さては、抱っこの理由、そういうこと・・・・・・だな?
そして、詩音も真っ赤なのは何故。

「デイヴィーから、お前が『蕪と大根と、グリンスならその辺の森で採れる薬草,野草を5種類も注文してきた』と聞いてな。」
「薬草は、お腹の調子を整えるものみたいですが…どんなお料理にしたんですか?」

なるほど、それは気になるか。

「リゾットにしたんだよ。…土鍋一杯しか作らなかったから、あんま残ってないけど、食べる?」
「うむ。気になるのでな。」
「良いんですか?」
「私達は、お腹いっぱい食べましたから。」

どぞどぞ~♪

「因みにそれ、ボクも食べれたりするかい?」
「ふぁっ?!お、お母さん…!」
「やあ♪ボクからのお年玉、美味しかったかな~?♪」
「は、はい!とても!」
『美味しかったよ!』
『セティお姉さん、ありがとう~♪』
「あ、俺もちょーだーい♪ヒナタくんと引き換えでどおー?w」
『わぁ~!』
『ああっ!ひなくんが、ロランさんに捕まったのです!』

なんか続々来た?!

「そんなにねぇーよ!!つか、お年玉くれたセレスティアさんは兎も角、おめーはダメだ駄神!忘れてた、あけおめ!!」
「え~、セティちゃんに中華まんの作り方教えたの、俺なんですけどぉ~?あ、そういや新年お初だったねwあけおめことよろw」
「それが罷り通るなら、俺はまず、デイヴィー兄ちゃんにあげに行く!!ことよろは要らねぇ!」
「あ、うんwごもっともwえ~、よろしくしようよぉ~www」

つーわけで、陽向を解放しやがれ!

「はいはーいwヒナタくん、おどかしてゴメンね~。」
「陽向くん、大丈夫ですか?」
『うん♪』
「来るなり、か弱き羊を質に取るとは、盗賊と変わらんな。」
「ちょーっと、からかっただけじゃーん。」

この野郎。
態度によっては、追加でリゾット作ってやろーかと思ったけど、やめとく。

「はい、おとーさんとおかーさんと、ギリギリセレスティアさんの分もあったわ。駄神てめーはコレな。」
「おお、ありがとう。
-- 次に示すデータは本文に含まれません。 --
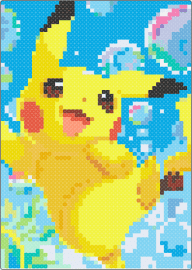 Bubble Pikachu 2 - light blue,yellow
」
「美味しそうですね♪」
「ボクも良いのかい?ありがたくいただくよ♪」
「ちょwwwwwwやっぱスゲェわ、ミライくんw娘の彼氏に『お茶だ』って言って『お茶の葉』を湯呑みに入れて出す国出身とはいえ、まさか『お椀に入れた生米と七草』渡されるとはwwwwww」

うるせぇ、大根ぶつけんぞ。
この大根凄いんだぞ。
人を撲っても折れないし、そこそこ威力出るんだぞ。
兄ちゃん曰く、今『護身用武器』として、メイドさんからの需要増加中らしい。

「仕方ないなぁ、シオンちゃんのほっぺ堪能して帰るわw」
「むにゅっ?!ひ、ひっひゃらふぁひへふふぁひゃぁああい!?」
「そーゆーとこだぞ駄神ぃいいいい!!」
「あっはっはっはっwさあ、かかっておいで豆柴くん♪」

この後、俺から逃げきった駄神の野郎は、セレスティアさんの魔法陣トラップをも掻い潜り、詩音にネズミっぽくデコったシュークリームを投げつけ、去って行こうとしたところでビルムさんに取っ捕まった。
ざまぁ。

「…新年早々、こんだけ神様に逢ってりゃ、今年は良いことありそうじゃね?」
「私は既に悪いこと起きてますけど……?」

あ、投げられたシュークリームは、詩音の顔に当たる直前で若葉がキャッチしたため、スタッフ俺達が美味しくいただきました。